##### The data
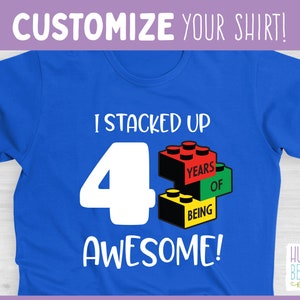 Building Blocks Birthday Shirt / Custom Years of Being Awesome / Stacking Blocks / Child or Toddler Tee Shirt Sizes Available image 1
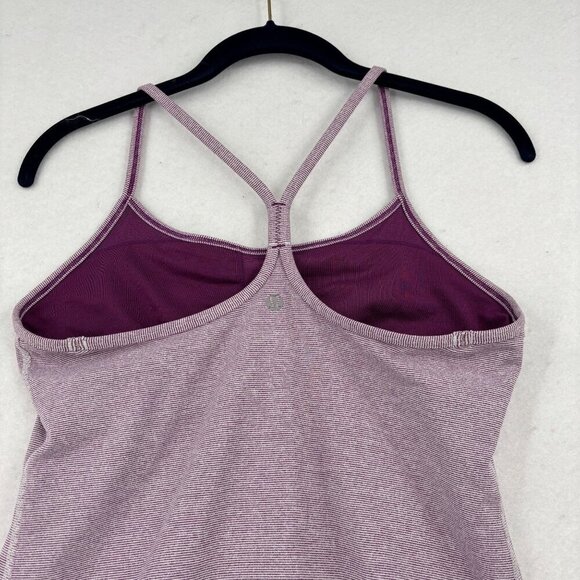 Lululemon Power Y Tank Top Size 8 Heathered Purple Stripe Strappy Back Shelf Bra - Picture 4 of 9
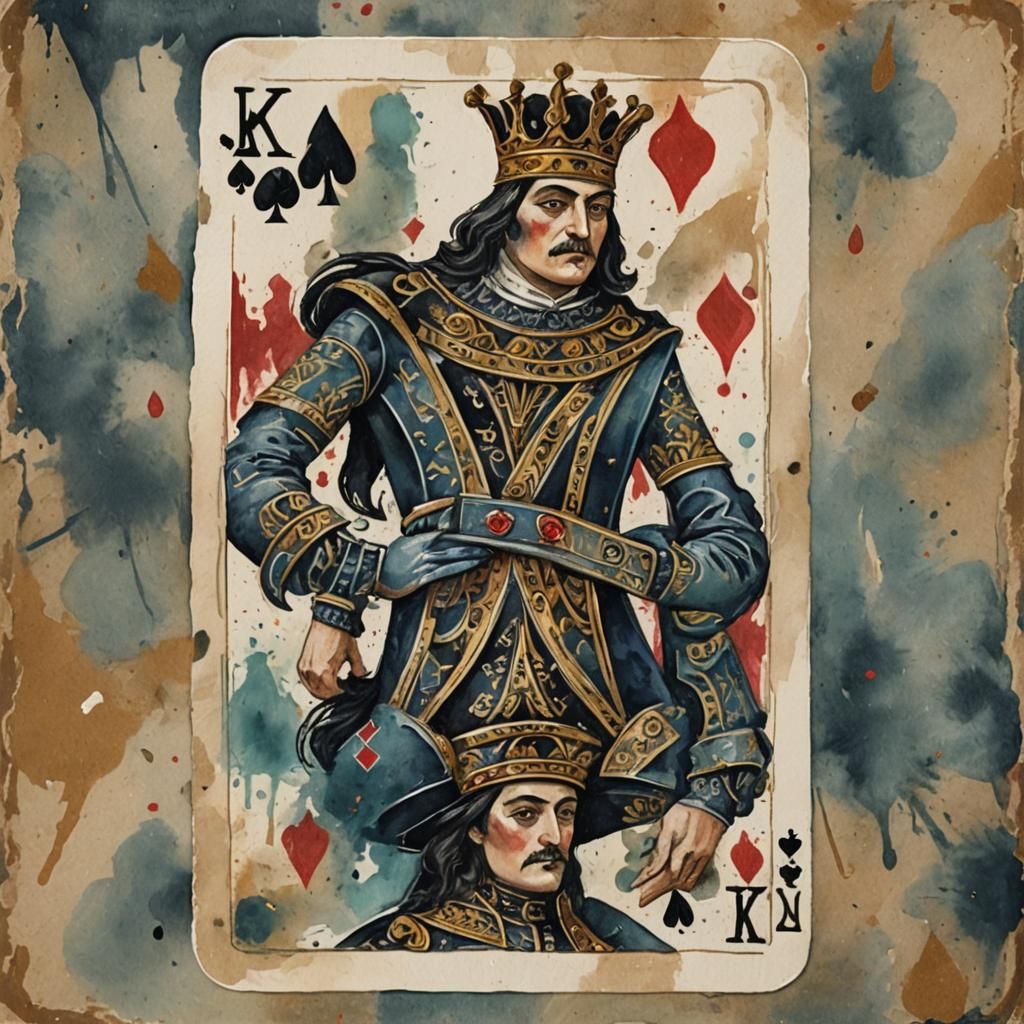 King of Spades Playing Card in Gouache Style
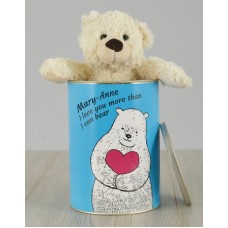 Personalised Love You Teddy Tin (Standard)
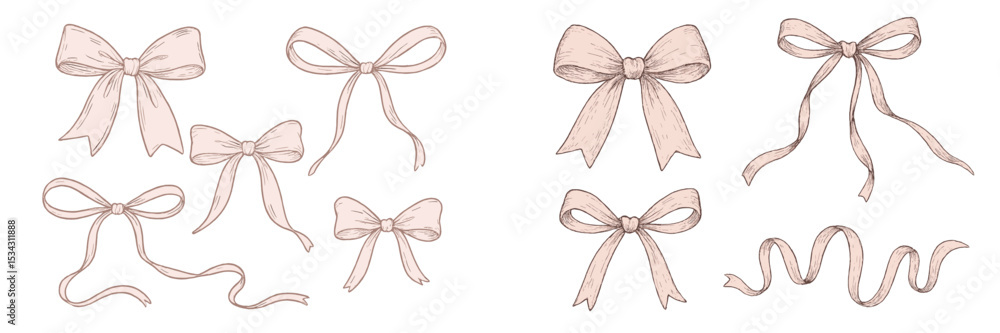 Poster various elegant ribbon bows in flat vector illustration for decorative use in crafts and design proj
##########
##### The data
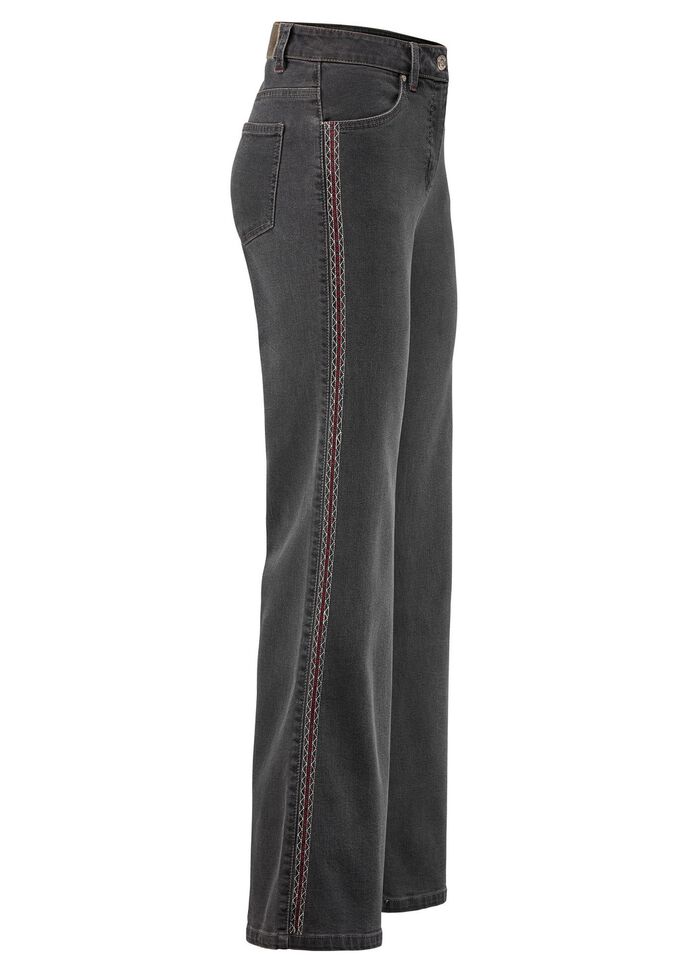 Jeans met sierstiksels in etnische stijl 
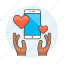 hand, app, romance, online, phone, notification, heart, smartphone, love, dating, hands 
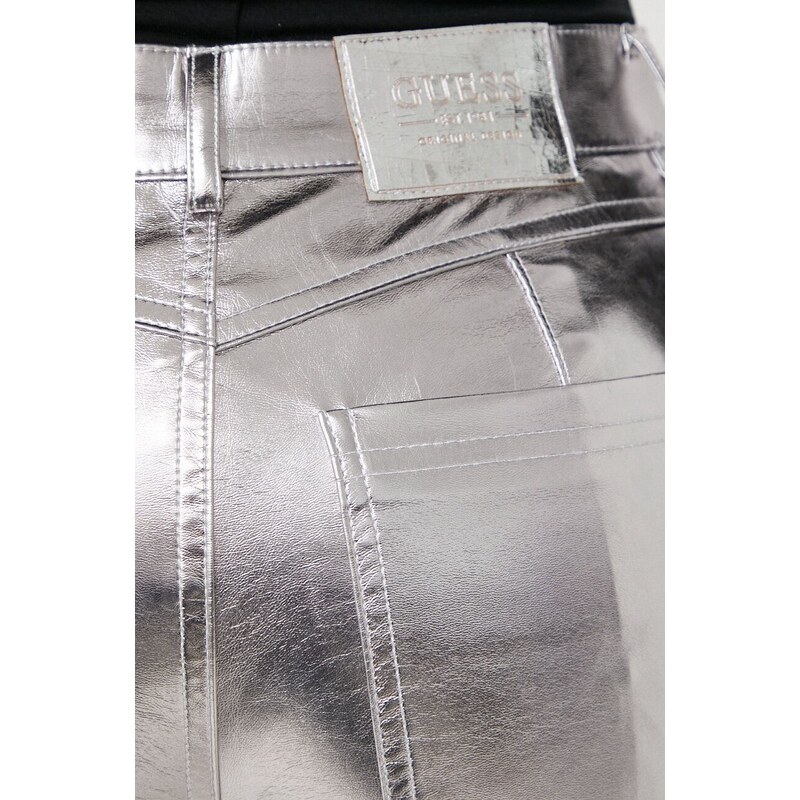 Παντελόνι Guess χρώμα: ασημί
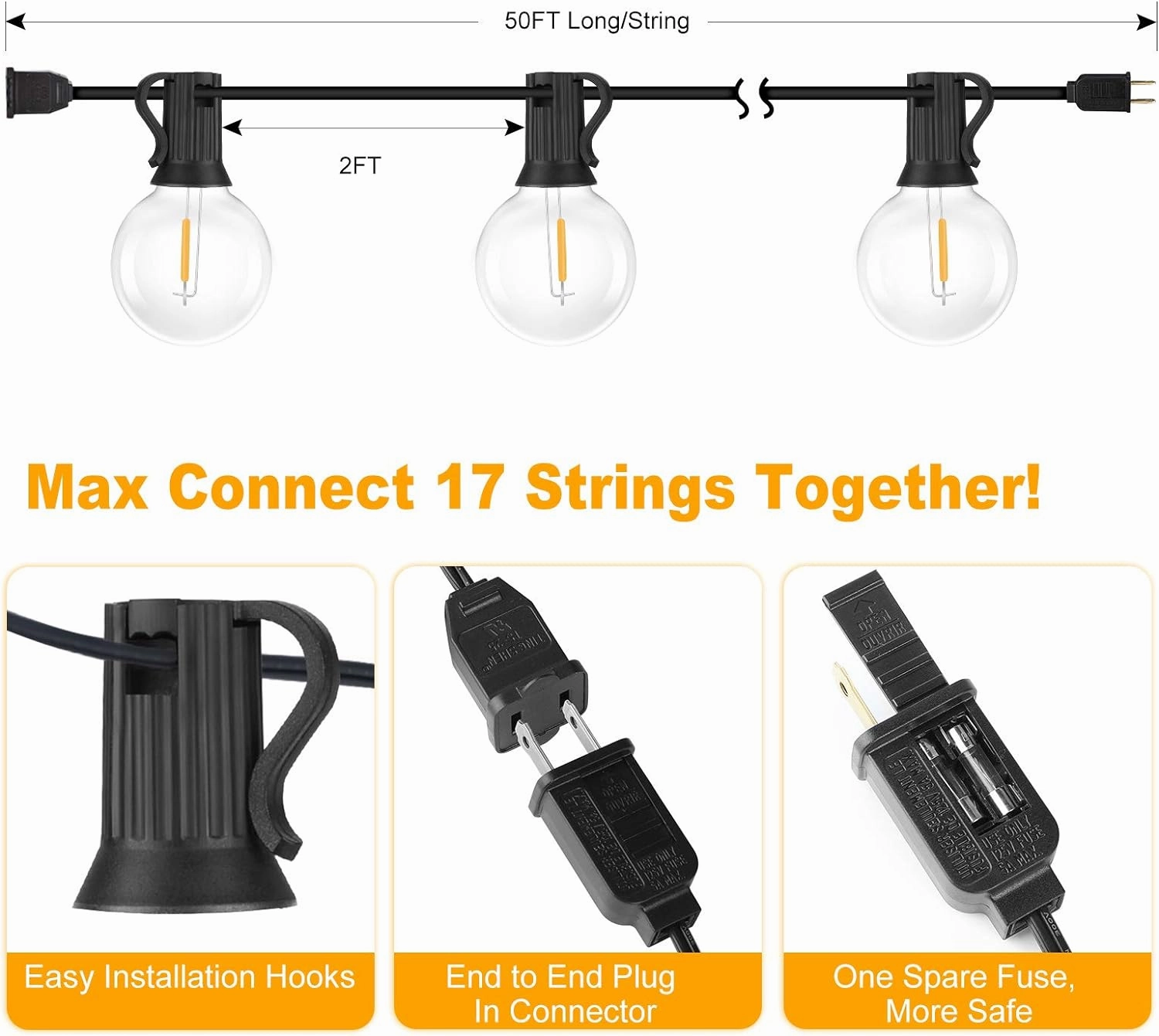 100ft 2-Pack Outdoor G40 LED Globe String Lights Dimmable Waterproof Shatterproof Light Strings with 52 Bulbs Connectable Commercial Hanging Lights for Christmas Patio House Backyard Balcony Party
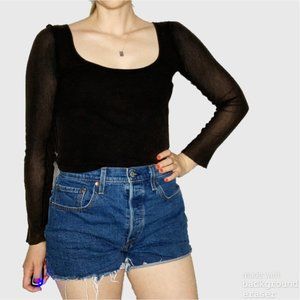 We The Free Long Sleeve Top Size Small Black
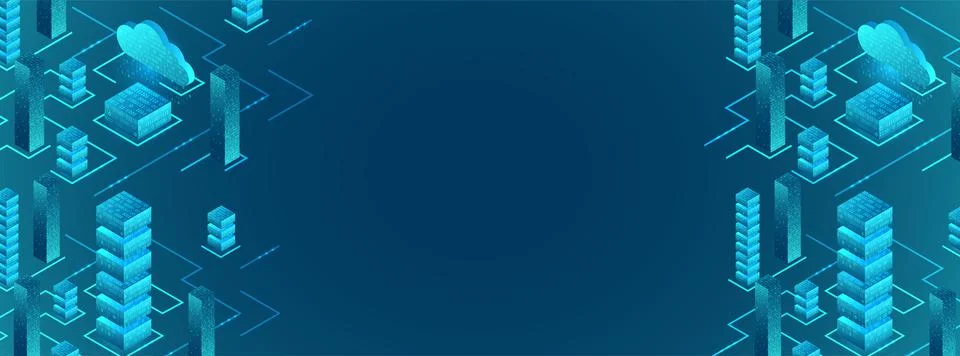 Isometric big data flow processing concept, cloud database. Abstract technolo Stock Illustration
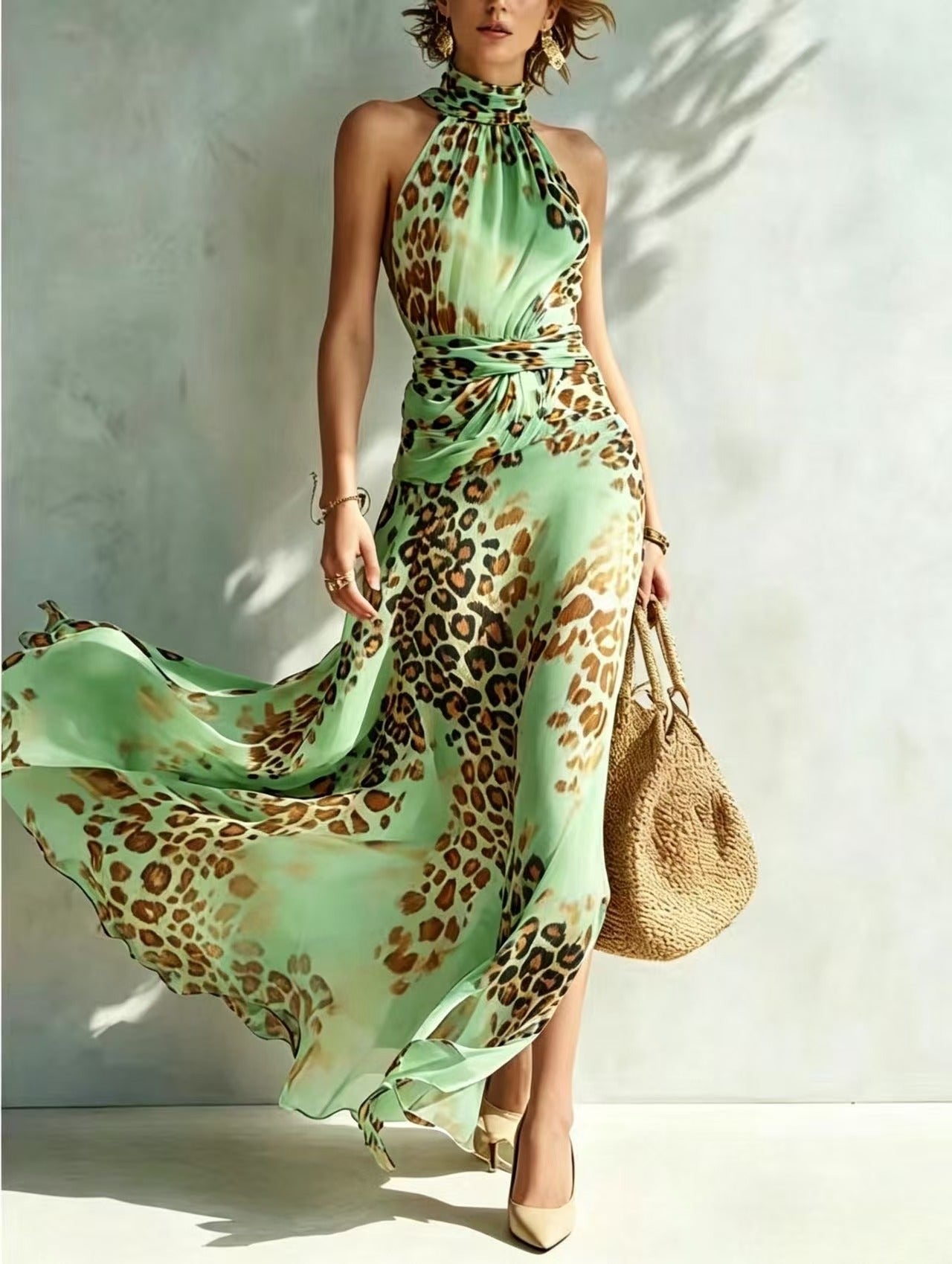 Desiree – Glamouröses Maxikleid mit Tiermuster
##########
* [What needs to be done]: Beginning with the line above that has "Building Blocks Birthday" and going on through the line that has "Poster various elegant", retype every line exactly and add nothing else; drop the pictures.

* [Answer section]:
 Building Blocks Birthday Shirt / Custom Years of Being Awesome / Stacking Blocks / Child or Toddler Tee Shirt Sizes Available image 1
 Lululemon Power Y Tank Top Size 8 Heathered Purple Stripe Strappy Back Shelf Bra - Picture 4 of 9
 King of Spades Playing Card in Gouache Style
 Personalised Love You Teddy Tin (Standard)
 Poster various elegant ribbon bows in flat vector illustration for decorative use in crafts and design proj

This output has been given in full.